No. I know they’d see it.

I used to think that in a relationship, you had to put the other person’s needs above your own.

Except, their relationship - the type that doesn’t require romantic love to exist, only the focus and

dedication on the feelings that they do feel - would show anyone that you can put your own

oxygen mask on and have the confidence that the other person would do the same.

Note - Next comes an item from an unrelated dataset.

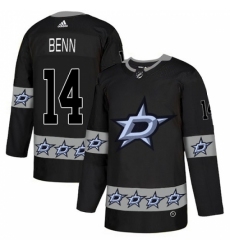 Men's Adidas Dallas Stars #14 Jamie Benn Authentic Black Team Logo Fashion NHL Jersey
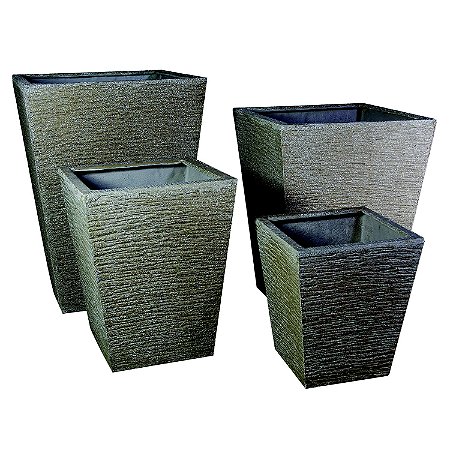 CJ. DE CACHEPOTS DE FIBER CLAY - 4 PCS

I loved a girl once. Her hair had a single wave, and she liked to wear it in a ponytail. Every

morning, she would eat a kiwi for breakfast with half a cup of yogurt and then blow-dry her fringe

straight. She didn’t like using pens that smudged, so for her birthday that year I bought her a

smudge-proof pen and enjoyed the handwritten letter she had written for me especially. Except, I

didn’t love her in a way that was memorable to my other lovers. Last year, a boy with round

glasses and a cheeky grin that could get him out of almost any situation caught my eye, and we

were together for two months. By the end, I could tell you his favourite colour was ash brown,

and that he didn’t like the sound felt pens made on paper, but I couldn’t tell you his habits. I

couldn’t tell you what smell he liked most, and what would make his nose turn upwards, or that

he scratched the back of his neck when he was nervous.

I have never experienced a love as deep as theirs - and so unique that even though it’s something

I want, I know I’ll never have a love quite like it.